Grazie per l’informazione sulla precipitazione media di Bologna, deducibile facilmente sia dai dati Histalp sia dai dati post-1960 che chiamo “Specola”. E grazie soprattutto per l’informazione, che non avevo, dell’esistenza dell’idrografico: come ho scritto, nei dati di Bohm Bologna è
indicata con “SI” che adesso posso immaginare significhi “stazione idrografica” o qualcosa di simile.
Ho cominciato a frequentare la Specola a inizio autunno 1969 insieme a Fabrizio Bonoli (i primi e “veri” 2 studenti dell’appena nato corso di laurea in Astronomia: gli altri erano quasi tutti dipendenti del CINECA, allora diretto dal nostro direttore prof. Mannino) e ricordo che il custode, sig. Orfeo Fusi Pecci, ha continuato le osservazioni per anni dopo il nostro arrivo, ma è possibile che siano terminate alla fine degli anni ’70.
Molti anni (e chili e capelli bianchi) dopo, Fabrizio mi ha detto di aver dato alla Nanni (Isac) i nostri registri con l’accordo che i dati, dopo l’elaborazione, sarebbero stati disponibili pubblicamente. Dopo che i dati elaborati (anche omogeneizzati, mi è stato detto) sono apparsi e scomparsi
dal sito dell’Isac, Fabrizio, si è fatto consegnare da Michele Brunetti i file con i dati, tra i quali PRECDBOL (nome del file così, senza estensione e tutto maiuscolo, non molto usuale) che io qui ho chiamato Specola e che, anche adesso, non saprei come altro chiamare.
Come avrai notato (uso il tu: non ci conosciamo ma abbiamo per molti anni frequentato gli stessi posti e le stesse persone) i dati Histalp sono (nei dettagli) i dati della Specola (o specola+idrografico?) omogenizzati (quante
omogenizzazioni successive si possono fare? E quanta incertezza introduce ogni omogenizzazione?) e questa nuova
elaborazione ha avuto l’effetto di generare un trend positivo dove (post-1960) non c’era (nei dati della specola). E se davvero i dati di Bohm fossero quelli dell’idrografico, cosa potremo dire? Ho conosciuto (via mail) e apprezzato Bohm solo nel 2012 ma non credo potesse prendere tanto facilmente per buoni
dati fasulli, che nel suo lavoro cita come dati Histalp. Era un ricercatore serio e noto a livello internazionale, e non me la sento di dire che i dati che usa sono sbagliati: sono diversi, questo sì (e ho controllato di non aver sbagliato io le somme).
Franco
Franco, i dati della Specola e quelli dell’idrografico sono pubblici e pubblicati sugli annali.
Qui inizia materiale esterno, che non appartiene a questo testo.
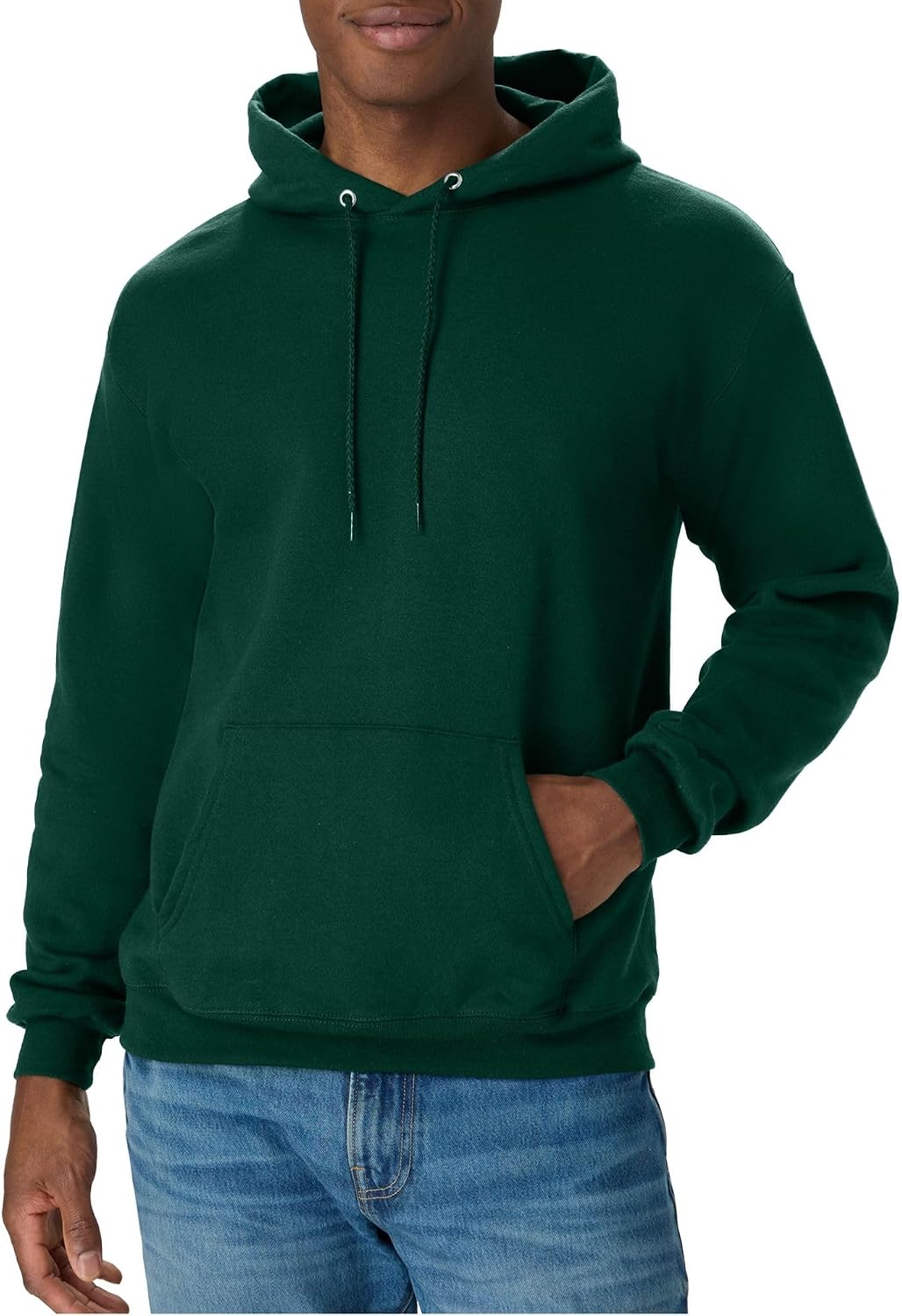Hanes Men&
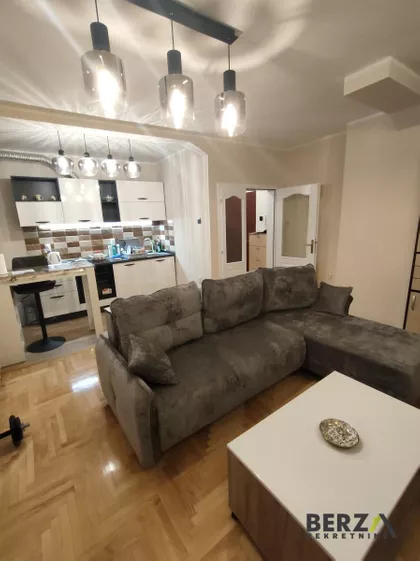 Bulevar Evrope | 4zida.rs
Io, sul mio computer, ho i dati mensili dal 1916 al 1978 (anno di chiusura) dell’università, quelli dell’idrografico e anche quelli di San Luca.
La fonte è disponibile, quindi.
Capisco la tua diplomazia, ma per me il dato rilevato è uno e solo uno. Gli altri sono aggiustamenti più o meno veritieri, ma se ti danno una media di 1000 mm, non c’è nient’altro da dire che “inventati di sana pianta”. Non so da chi, ma inventati!